# [AVAILABLE DATA]
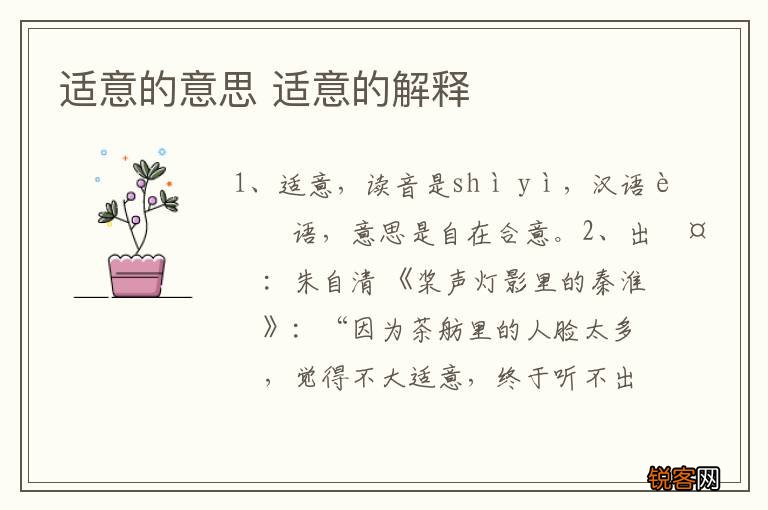 适意的意思 适意的解释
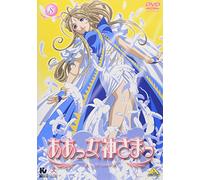 Ah! My Goddess Vol.8 [Import allemand]
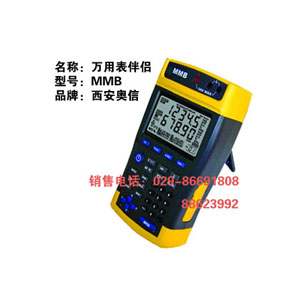 MMB3.0万用表伴侣 信号发生器 西安奥信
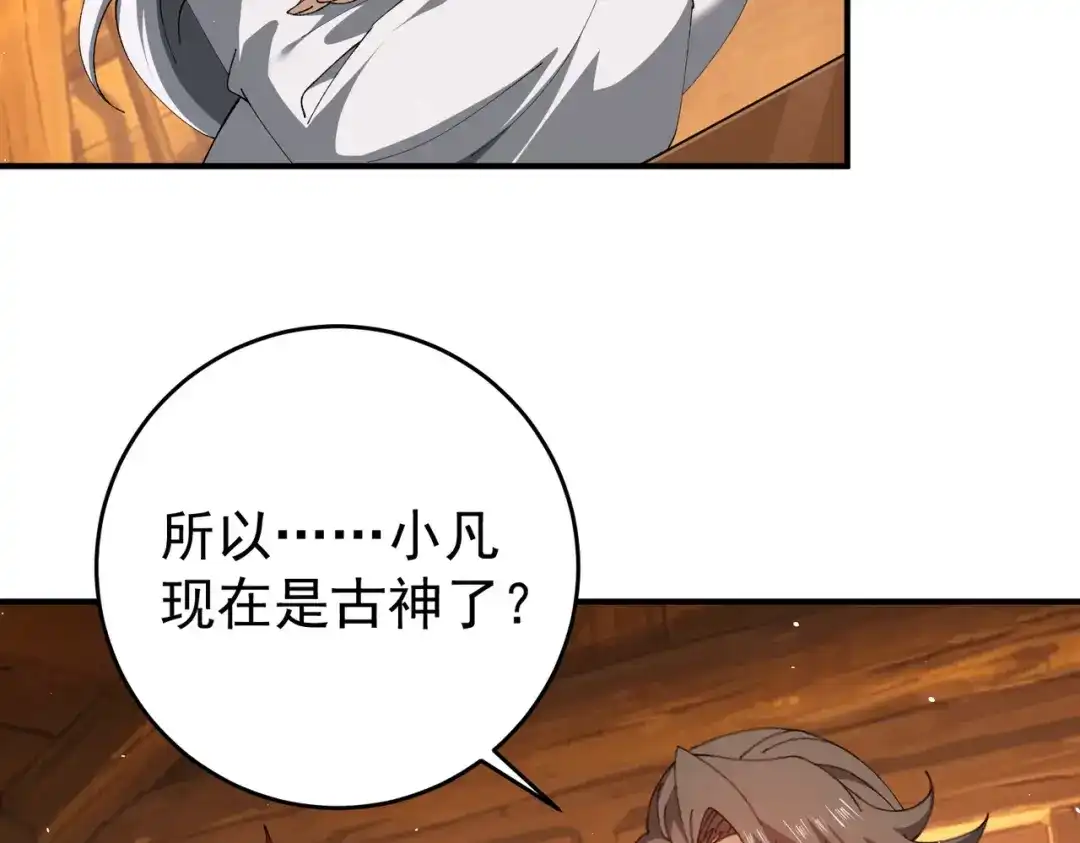 全民转职：驭龙师是最弱职业？ 第253话 向着古神迈进 第466页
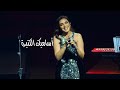 أساميك الكثيرة انغام أوبرا دبي 2025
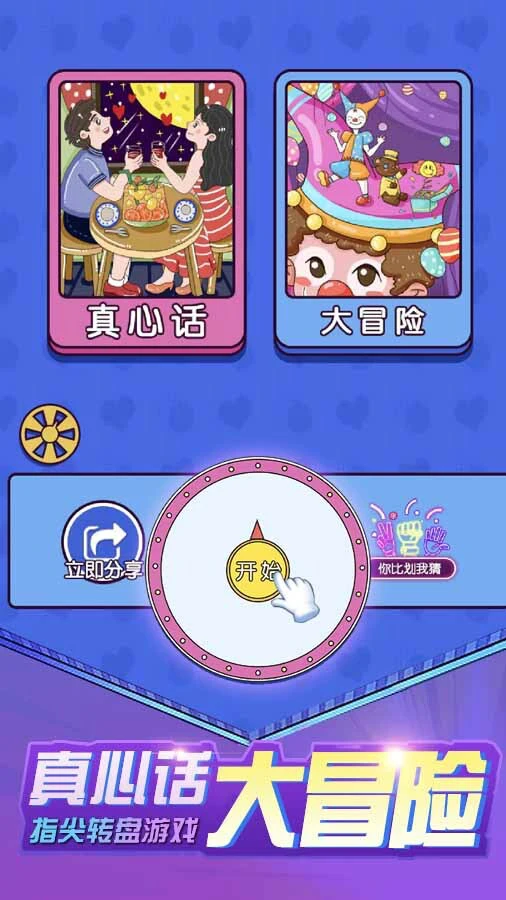 真心话大冒险指尖转盘游戏_1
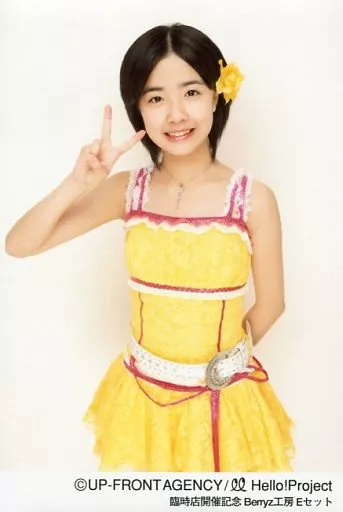 駿河屋 -<中古>Berryz工房/清水佐紀/ポストカードサイズ/臨時店開催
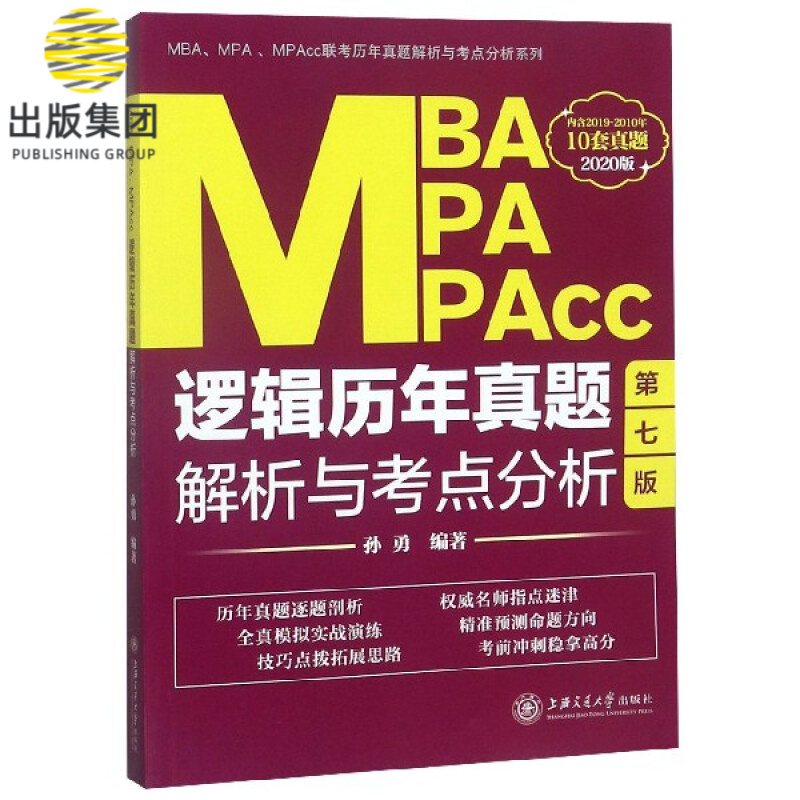 MBA MPA MPAcc逻辑历年真题解析与考点分析(第7版2020版)/MBAM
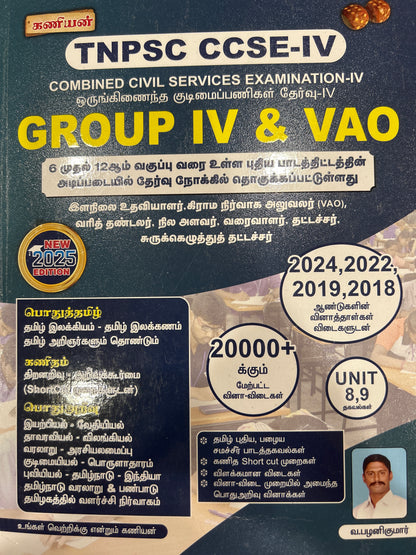 TNPSC GROUP-IV (TAMIL)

# [WHAT THE TASK ASKS]
A word-for-word retyping of every record is required, without the pictures.

# [ANSWER TO THIS TASK]
 适意的意思 适意的解释
 Ah! My Goddess Vol.8 [Import allemand]
 MMB3.0万用表伴侣 信号发生器 西安奥信
 全民转职：驭龙师是最弱职业？ 第253话 向着古神迈进 第466页
 أساميك الكثيرة انغام أوبرا دبي 2025
 真心话大冒险指尖转盘游戏_1
 駿河屋 -<中古>Berryz工房/清水佐紀/ポストカードサイズ/臨時店開催
 MBA MPA MPAcc逻辑历年真题解析与考点分析(第7版2020版)/MBAM
 TNPSC GROUP-IV (TAMIL)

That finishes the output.